# Data shown
====================
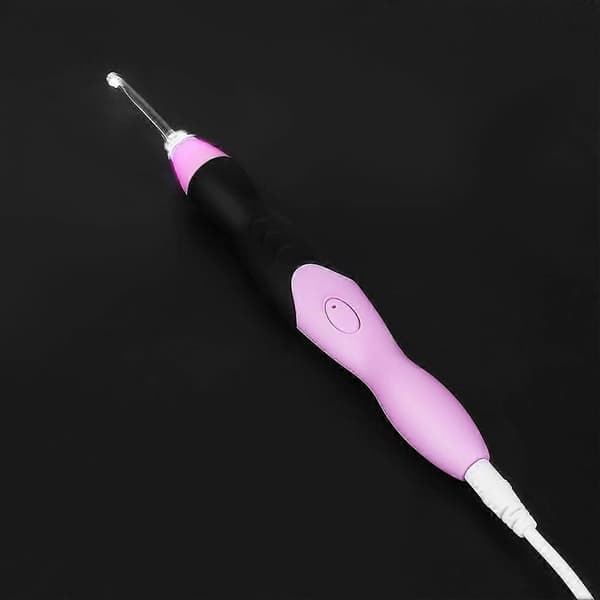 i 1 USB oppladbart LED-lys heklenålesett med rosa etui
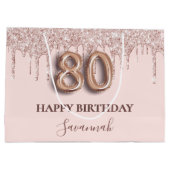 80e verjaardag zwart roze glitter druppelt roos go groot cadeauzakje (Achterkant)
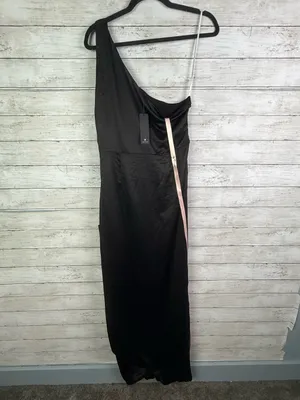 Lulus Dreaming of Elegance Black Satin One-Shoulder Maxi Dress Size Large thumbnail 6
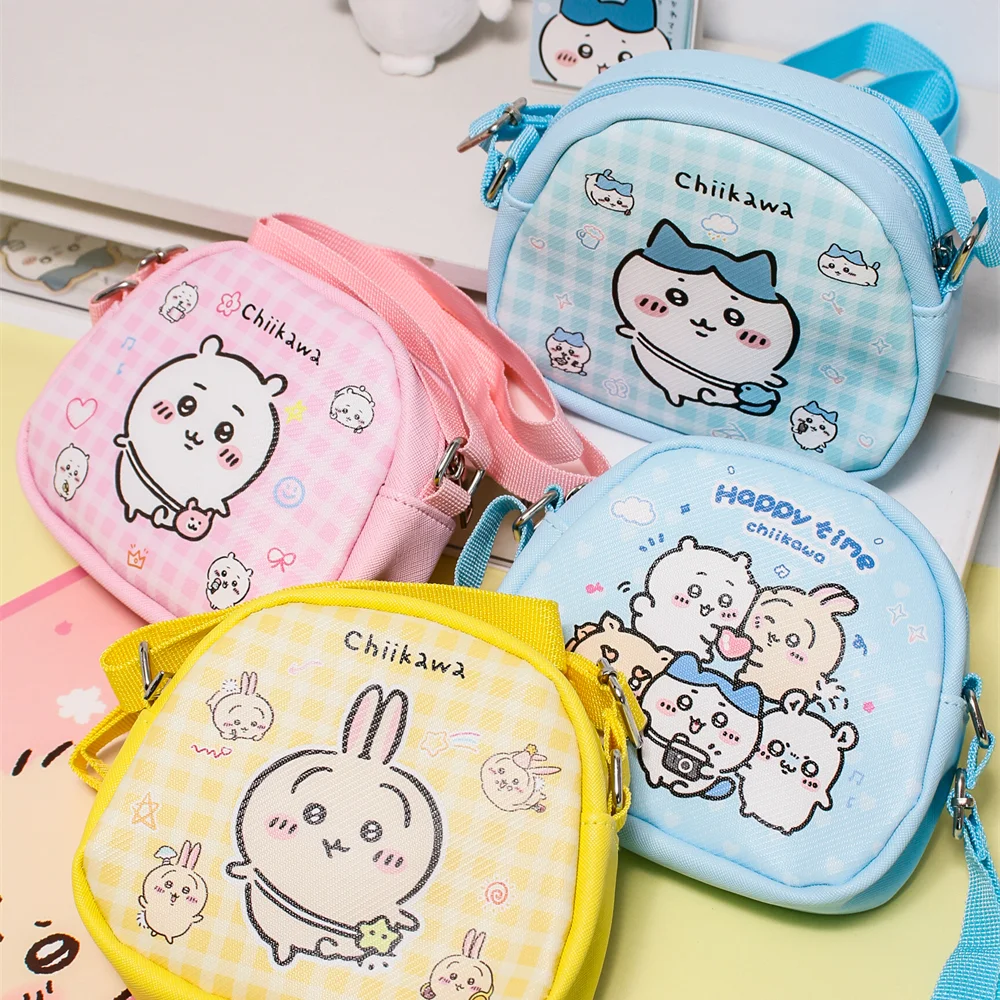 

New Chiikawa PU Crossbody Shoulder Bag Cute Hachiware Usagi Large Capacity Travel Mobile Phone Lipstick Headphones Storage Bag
====================
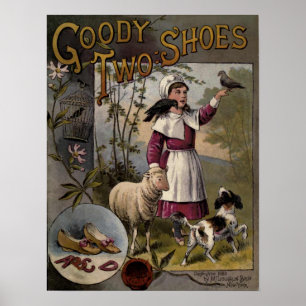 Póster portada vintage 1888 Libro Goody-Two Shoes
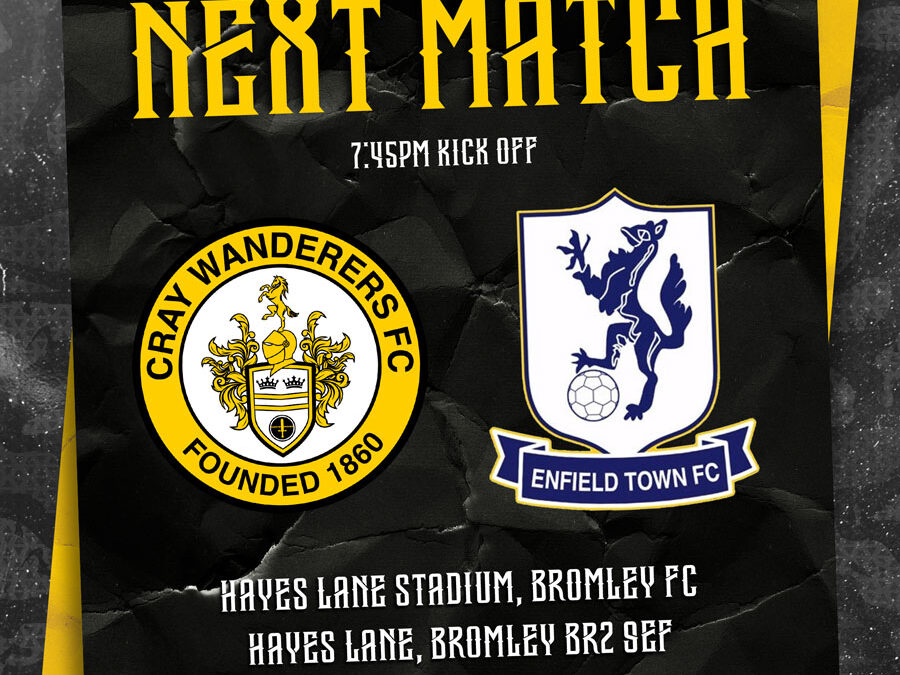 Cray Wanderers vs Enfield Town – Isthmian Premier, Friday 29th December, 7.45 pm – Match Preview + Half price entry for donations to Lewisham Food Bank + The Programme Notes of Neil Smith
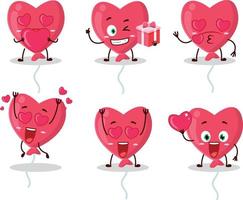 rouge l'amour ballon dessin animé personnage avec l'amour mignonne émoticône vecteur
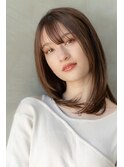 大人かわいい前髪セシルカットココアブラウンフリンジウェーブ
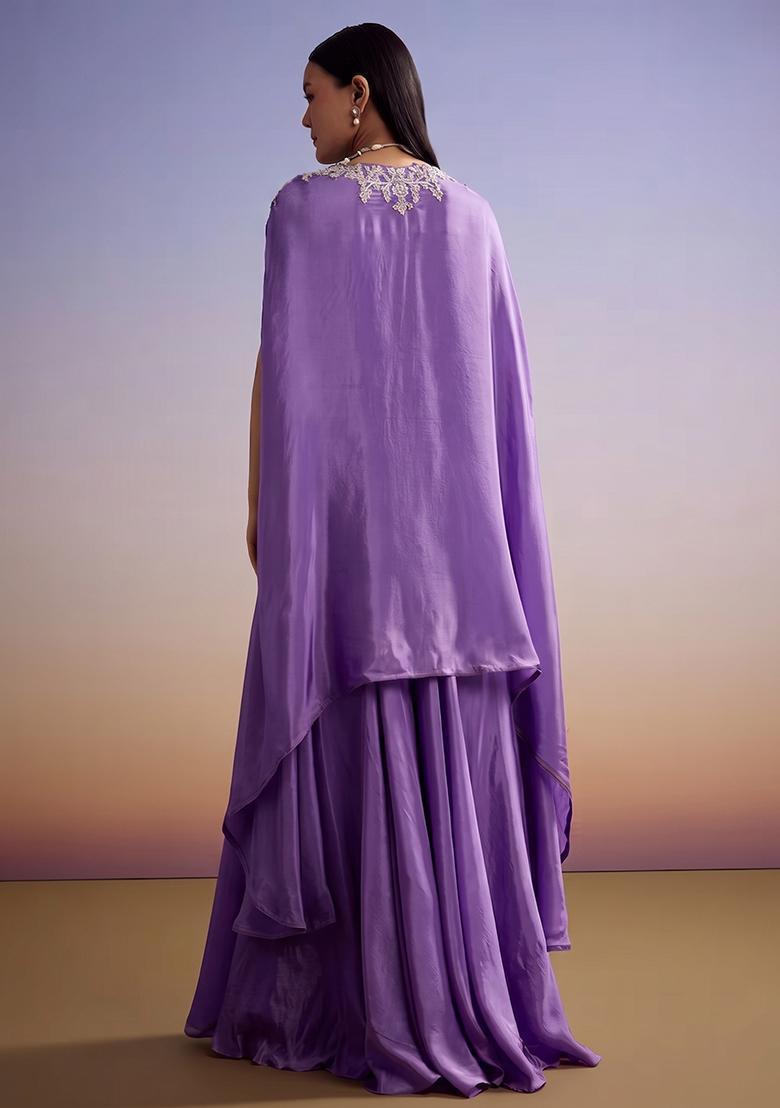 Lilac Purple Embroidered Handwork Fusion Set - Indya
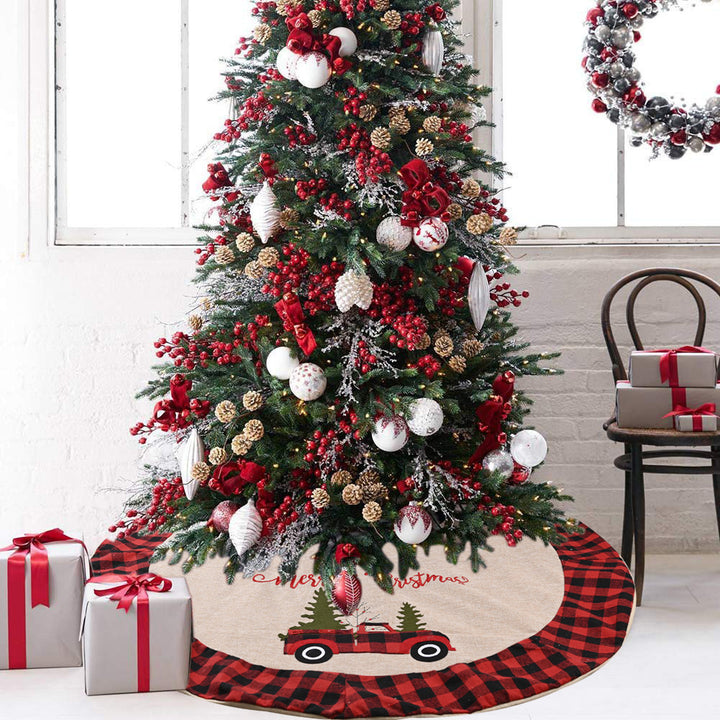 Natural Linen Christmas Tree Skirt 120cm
====================
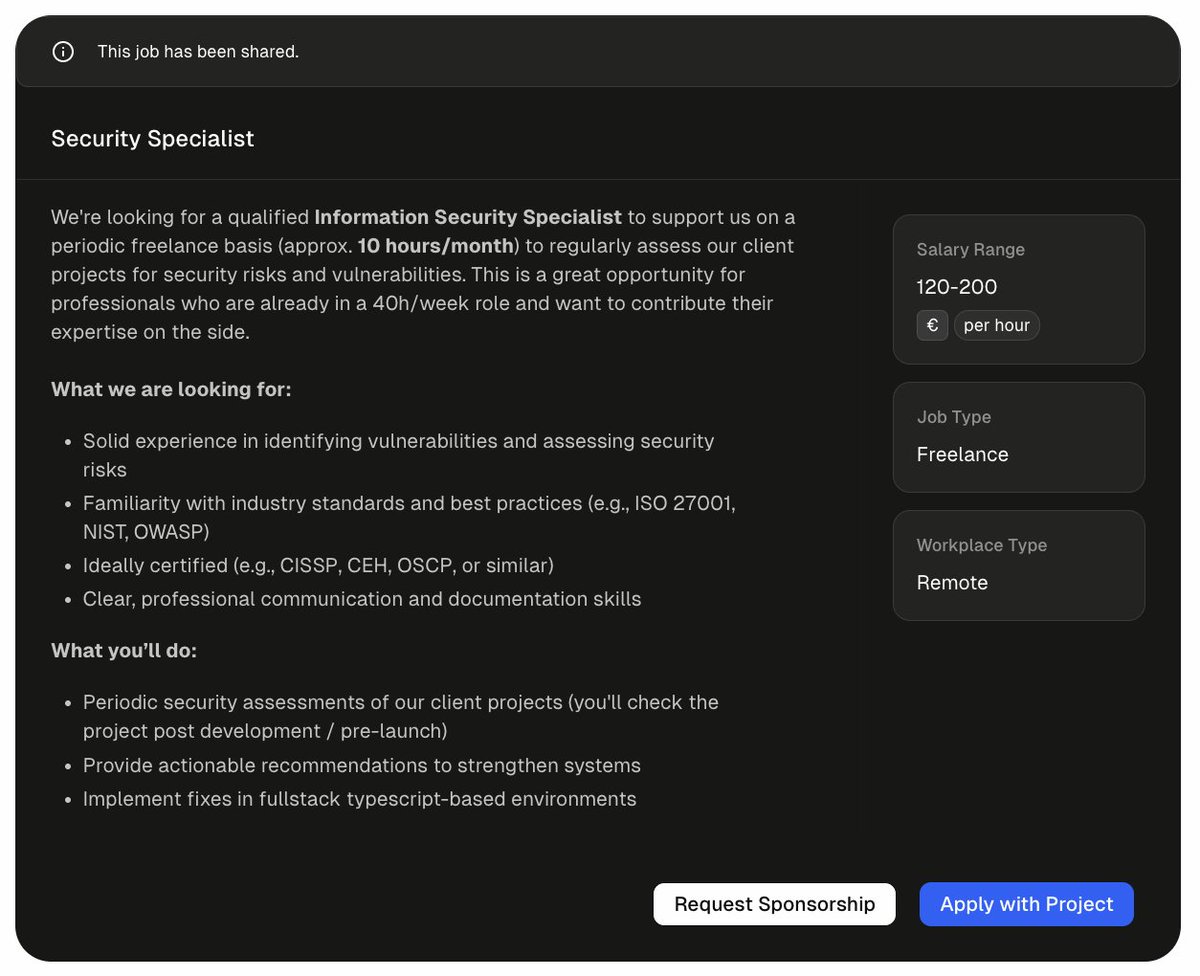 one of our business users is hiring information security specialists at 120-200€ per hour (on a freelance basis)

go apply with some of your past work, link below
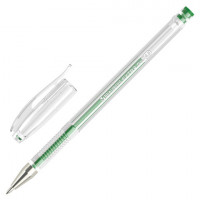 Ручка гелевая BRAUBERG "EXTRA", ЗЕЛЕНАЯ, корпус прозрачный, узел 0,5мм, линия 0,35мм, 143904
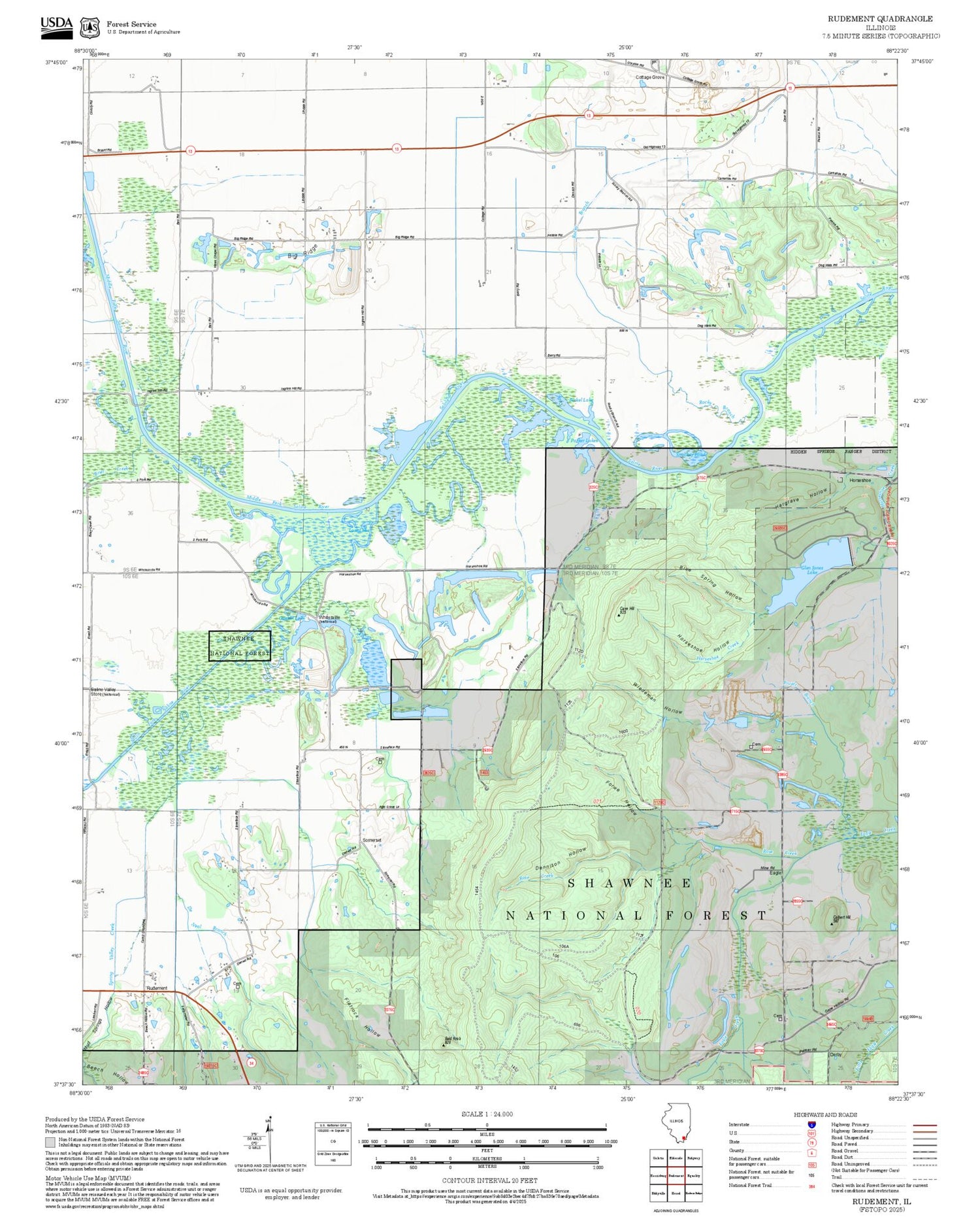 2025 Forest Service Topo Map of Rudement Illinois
====================
# What the task requires
Taking the records above, print only and exactly the lines from the line with "Póster portada vintage" to the line with "Cray Wanderers vs", both kept, and exclude pictures.

# Answer below
 Póster portada vintage 1888 Libro Goody-Two Shoes
 Cray Wanderers vs Enfield Town – Isthmian Premier, Friday 29th December, 7.45 pm – Match Preview + Half price entry for donations to Lewisham Food Bank + The Programme Notes of Neil Smith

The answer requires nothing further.